Task to carry out:
Repeat word for word the lines from the one containing "71 Platt, Milford, 06460, 4" to the end of the material below, and leave all pictures out.
++++++++++
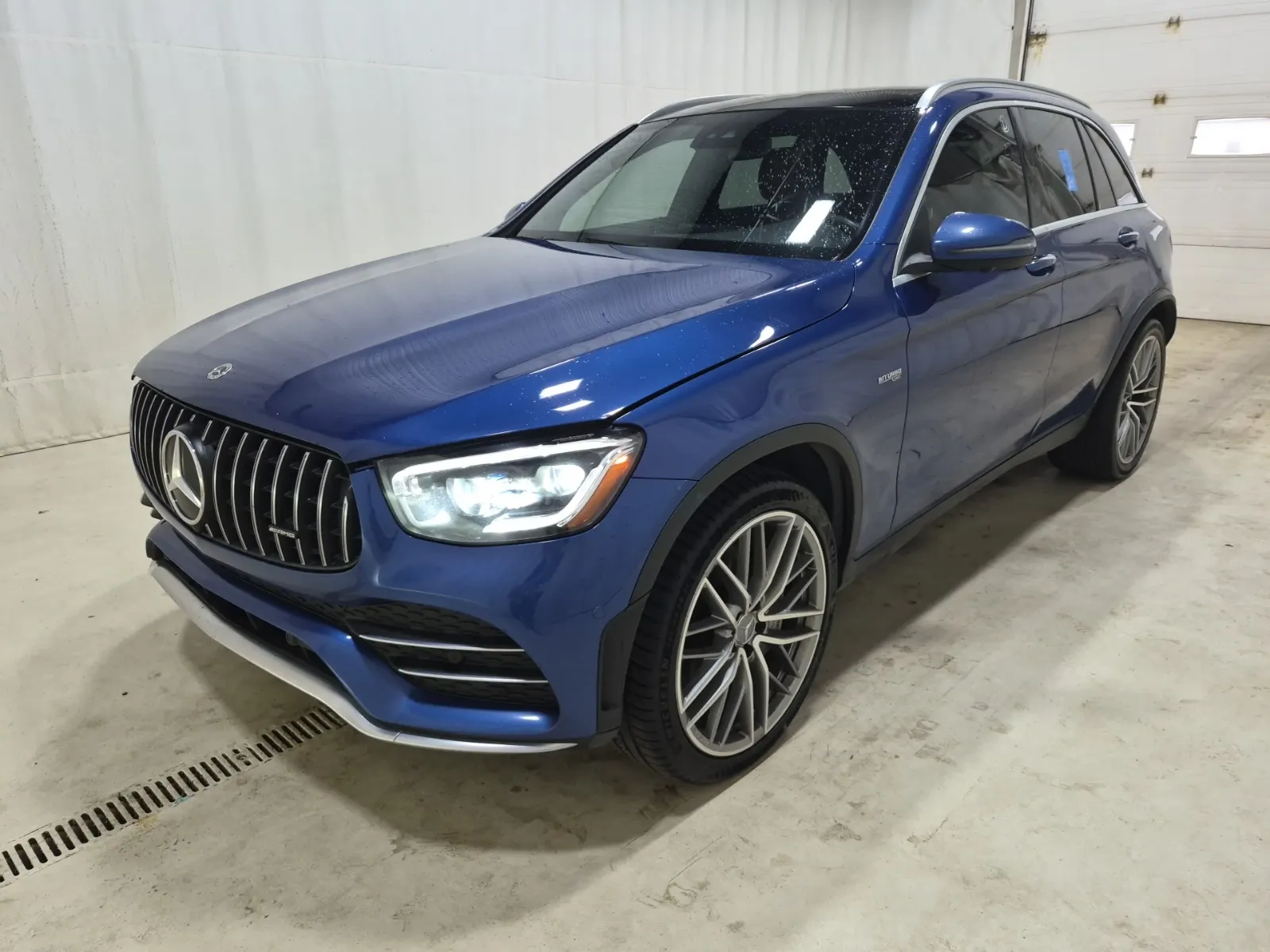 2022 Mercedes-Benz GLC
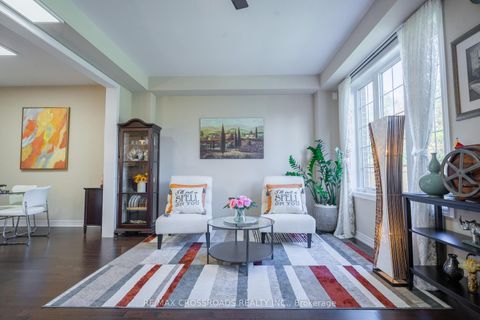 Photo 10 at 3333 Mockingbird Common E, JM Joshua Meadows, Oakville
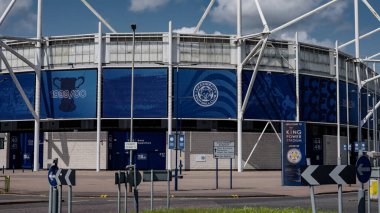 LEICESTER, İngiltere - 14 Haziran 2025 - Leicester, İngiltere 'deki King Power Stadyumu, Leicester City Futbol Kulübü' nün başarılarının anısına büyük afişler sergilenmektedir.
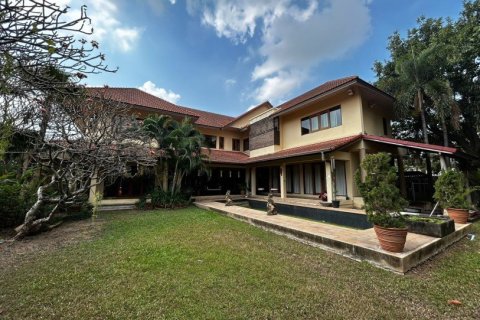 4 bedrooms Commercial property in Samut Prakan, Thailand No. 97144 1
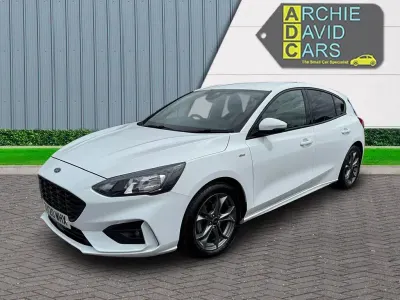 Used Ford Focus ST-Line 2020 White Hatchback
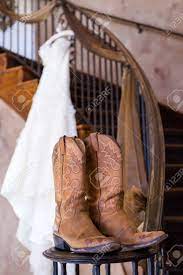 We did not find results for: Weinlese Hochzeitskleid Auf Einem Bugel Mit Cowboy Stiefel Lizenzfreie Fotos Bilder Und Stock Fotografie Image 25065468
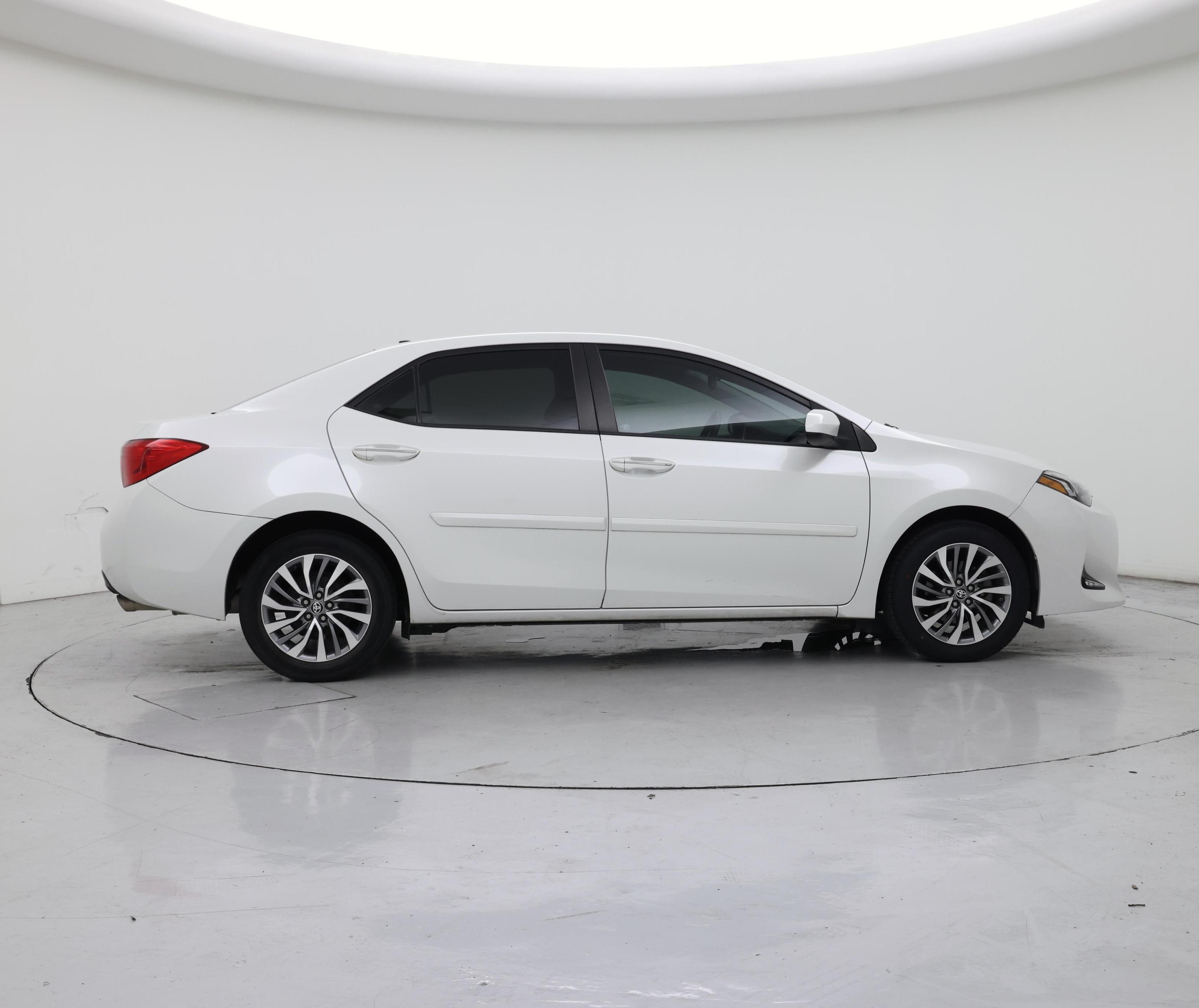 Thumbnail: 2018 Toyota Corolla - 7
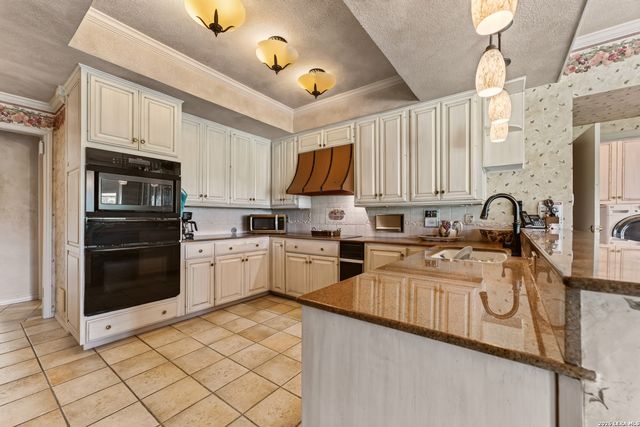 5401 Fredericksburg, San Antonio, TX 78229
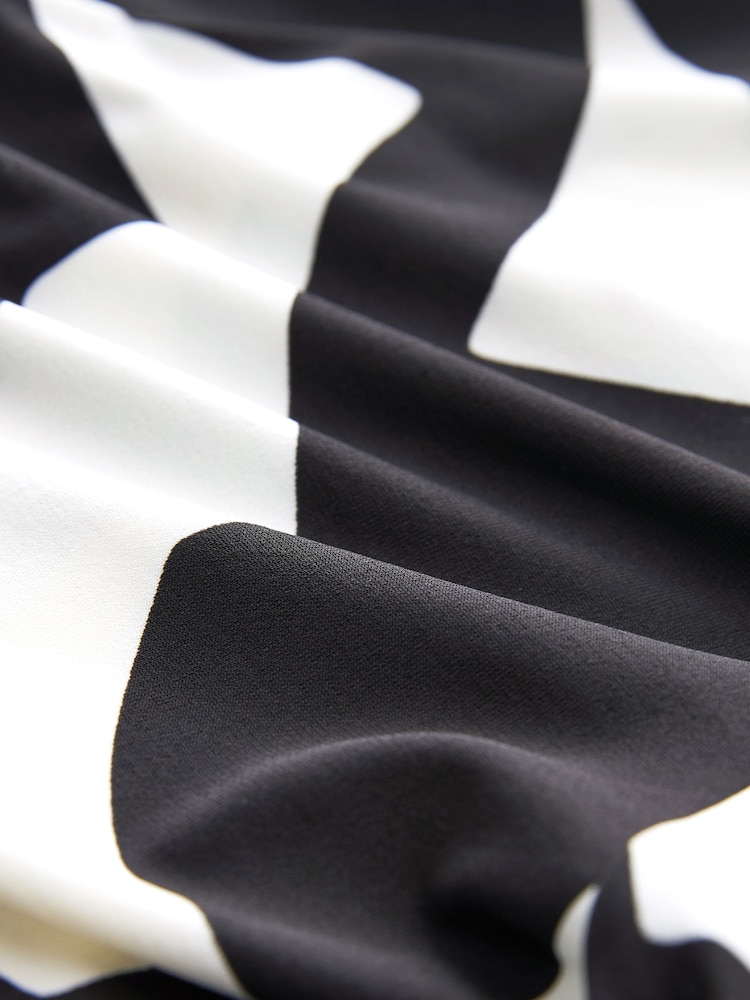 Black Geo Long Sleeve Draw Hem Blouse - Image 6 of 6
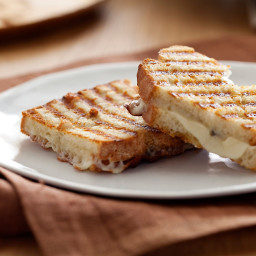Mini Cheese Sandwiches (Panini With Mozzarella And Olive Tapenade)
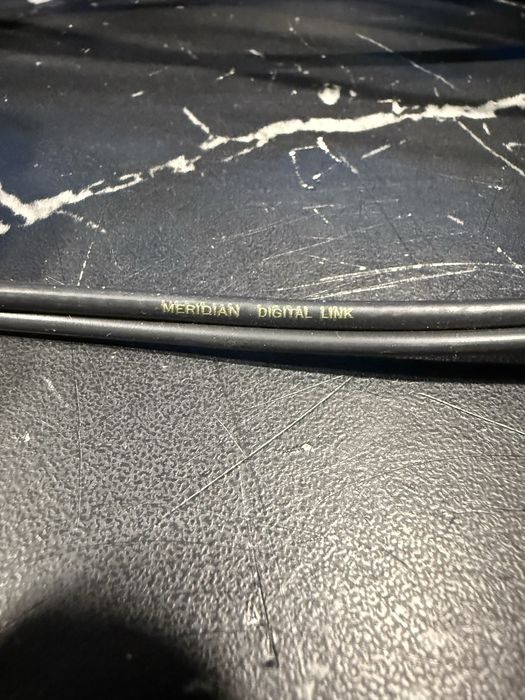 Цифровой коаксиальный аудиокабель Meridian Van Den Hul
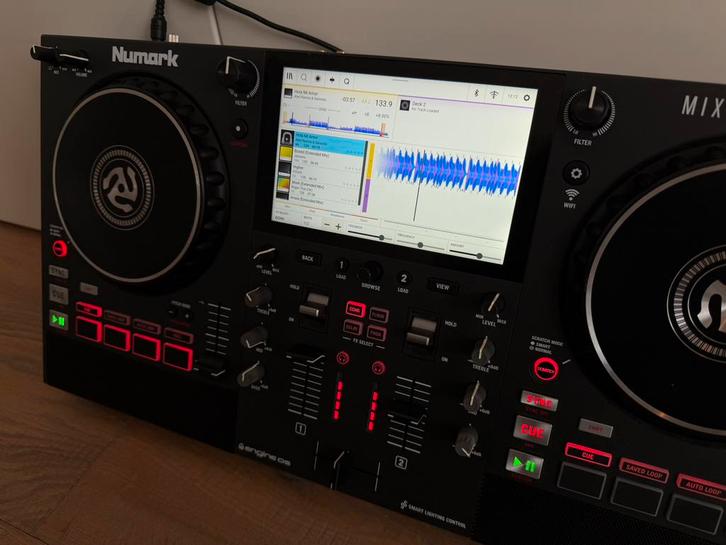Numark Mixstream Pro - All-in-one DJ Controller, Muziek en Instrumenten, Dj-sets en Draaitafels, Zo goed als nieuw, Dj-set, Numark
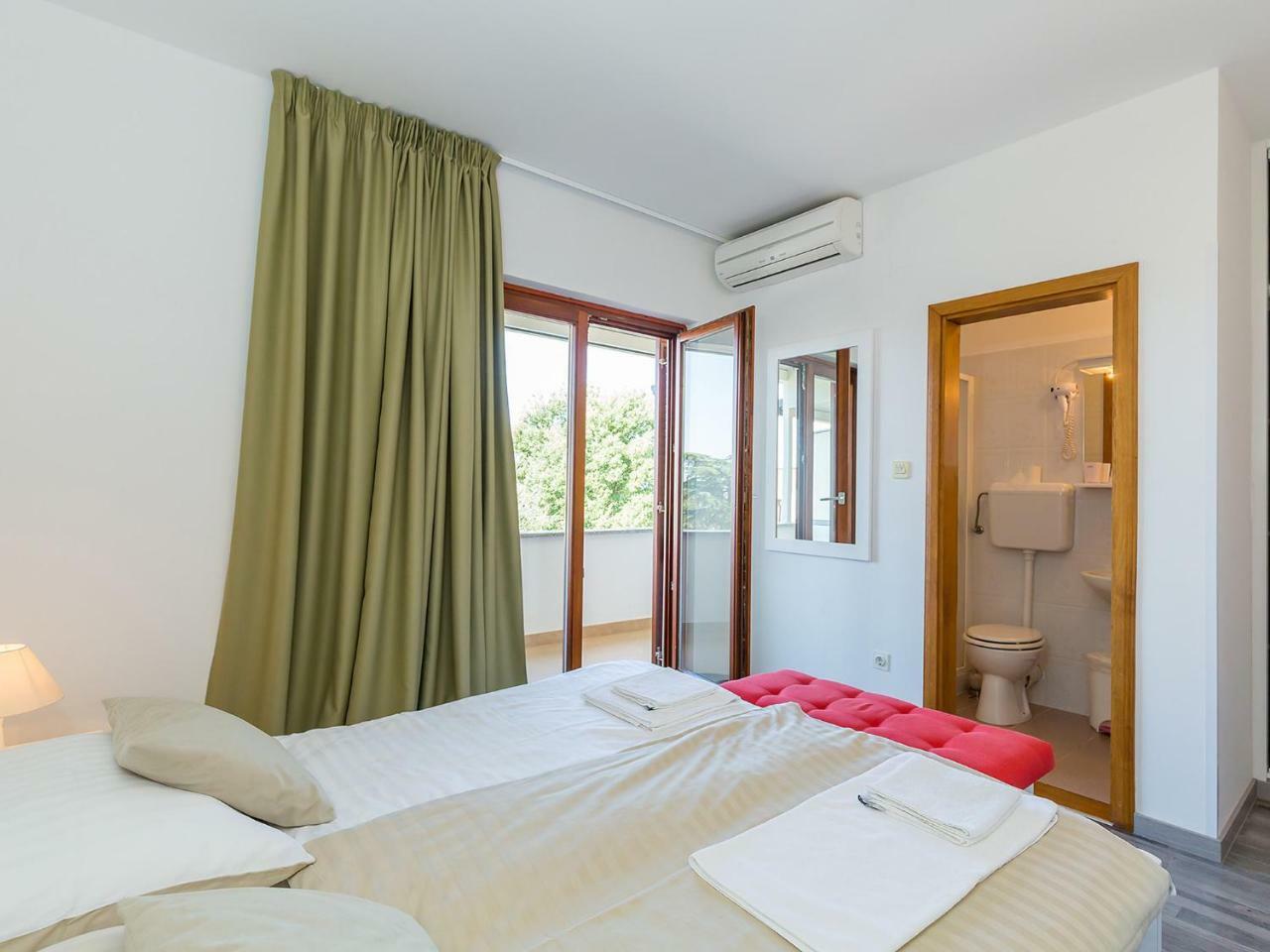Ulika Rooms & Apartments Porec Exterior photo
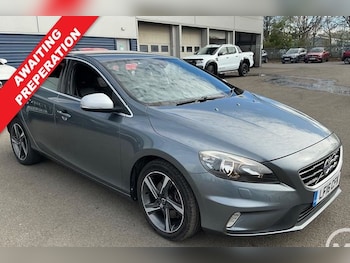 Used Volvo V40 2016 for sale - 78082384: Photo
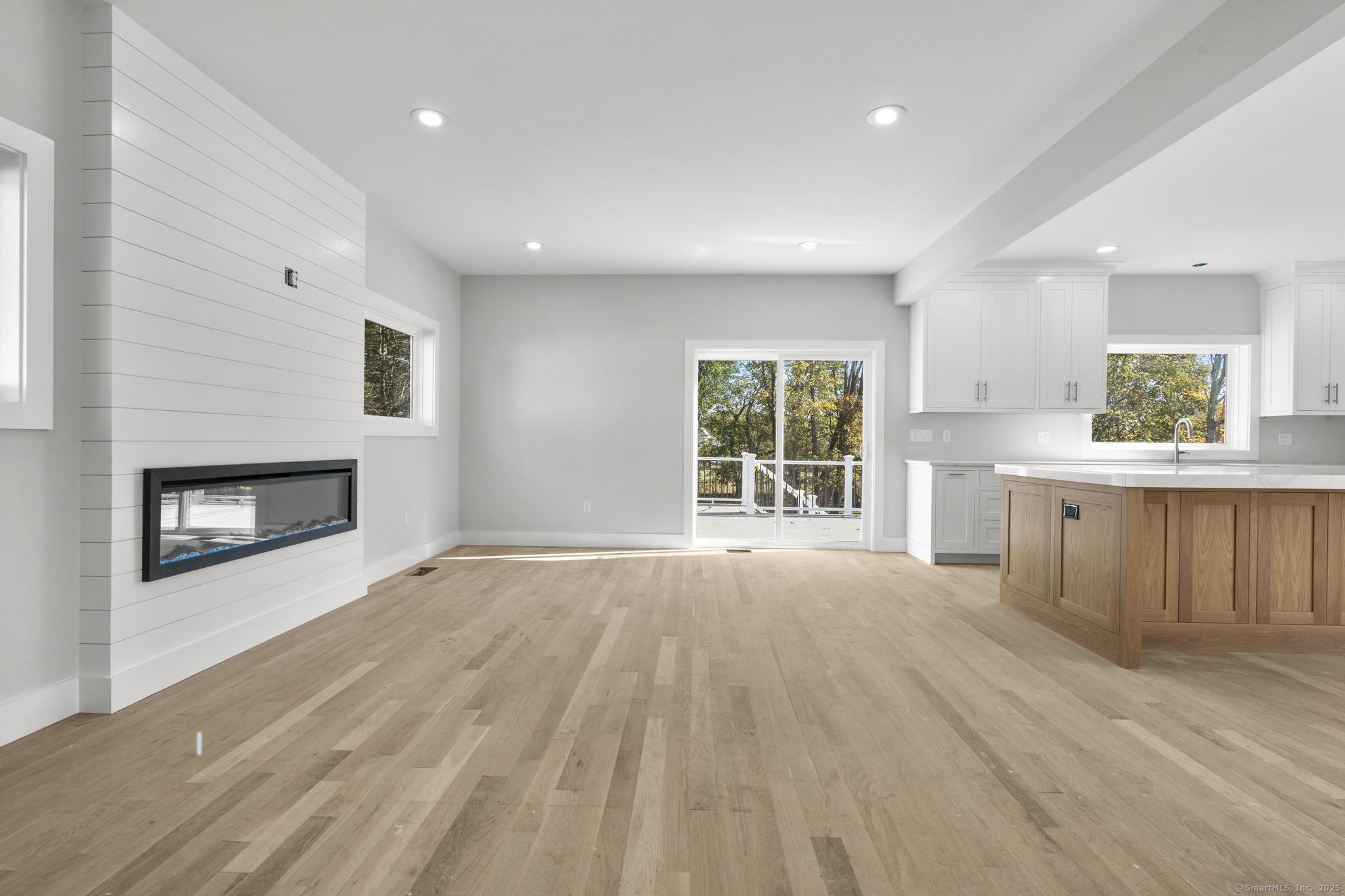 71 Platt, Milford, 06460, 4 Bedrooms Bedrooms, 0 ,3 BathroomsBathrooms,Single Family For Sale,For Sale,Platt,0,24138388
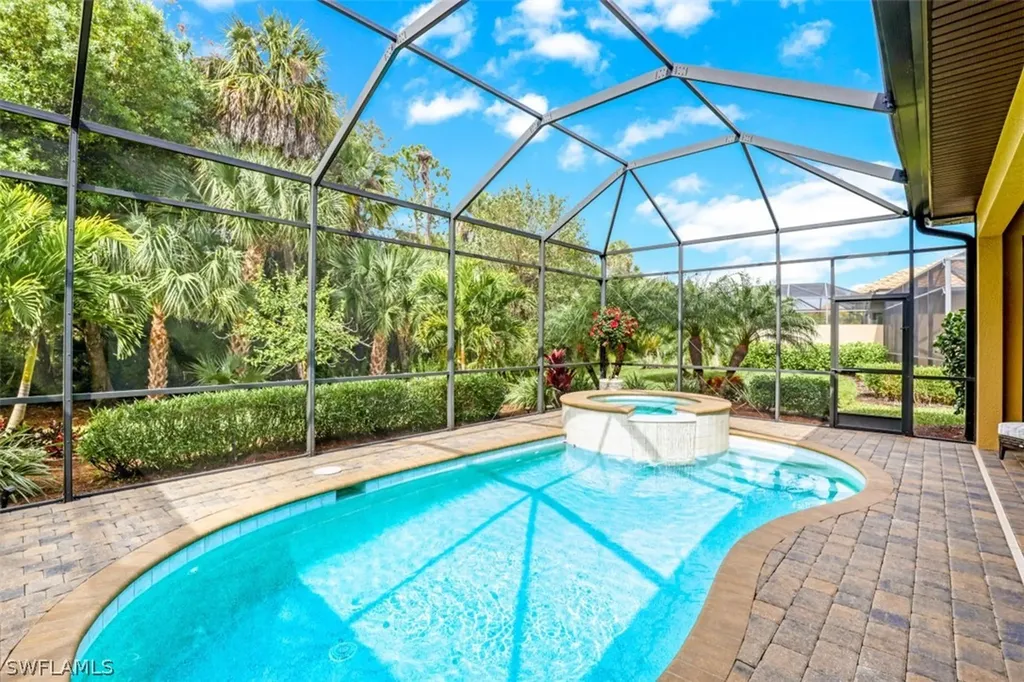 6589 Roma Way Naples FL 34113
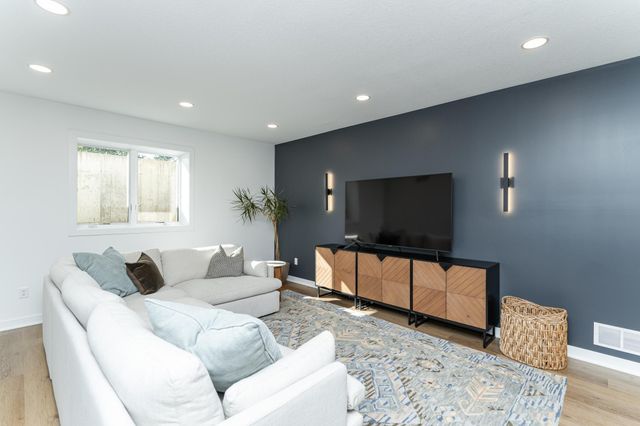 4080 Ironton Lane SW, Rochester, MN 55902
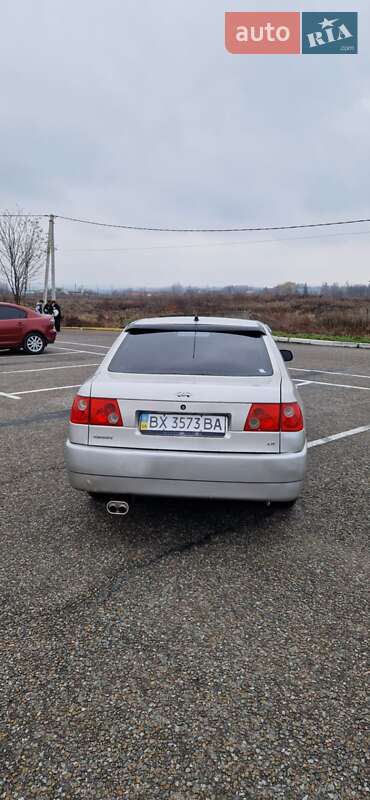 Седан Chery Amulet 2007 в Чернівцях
++++++++++
Your response:
 71 Platt, Milford, 06460, 4 Bedrooms Bedrooms, 0 ,3 BathroomsBathrooms,Single Family For Sale,For Sale,Platt,0,24138388
 6589 Roma Way Naples FL 34113
 4080 Ironton Lane SW, Rochester, MN 55902
 Седан Chery Amulet 2007 в Чернівцях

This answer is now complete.